The result should hold only the lines from the one with "Biblija na hrvatskom icon" through the final line of the data below, transcribed exactly, pictures left out.

◆ **DATA FOR PROCESSING**:
__________
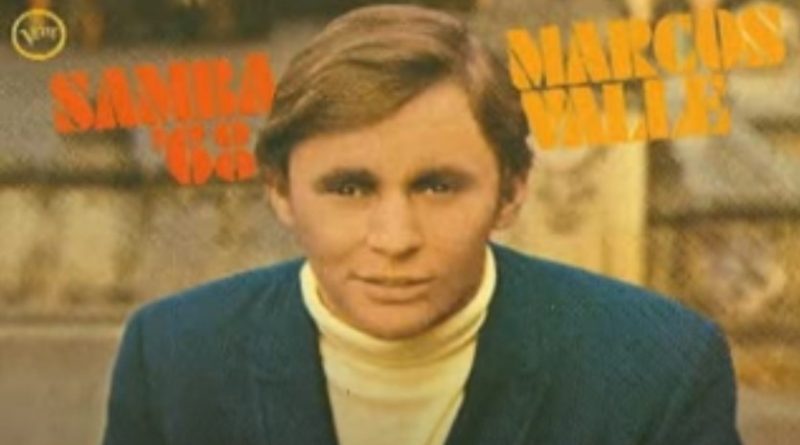 Marcos Valle - It's Time To Sing
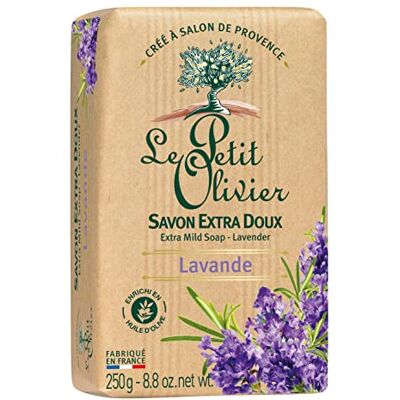 Le Petit Olivier praktisch product voor volwassenen voor dagelijks gebruik met veelzijdig formaat Le Petit Olivier praktisch product voor volwassenen voor dagelijks gebruik met veelzijdig formaat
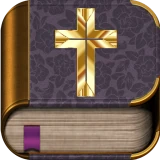Biblija na hrvatskom icon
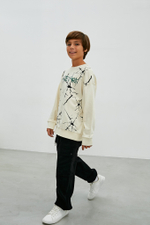 Джемпер дл/р д/м DELORAS 55395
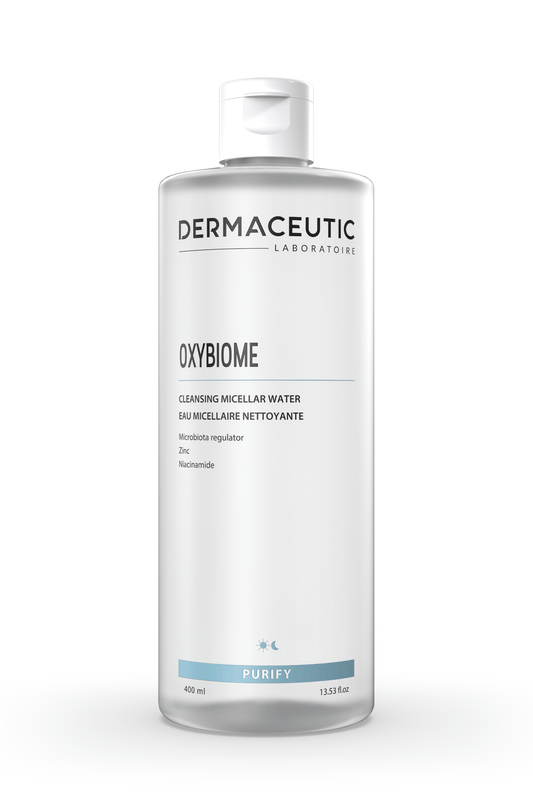 Dermaceutic Oxybiome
__________
◆ **COMPLETED TASK**:
Biblija na hrvatskom icon
 Джемпер дл/р д/м DELORAS 55395
 Dermaceutic Oxybiome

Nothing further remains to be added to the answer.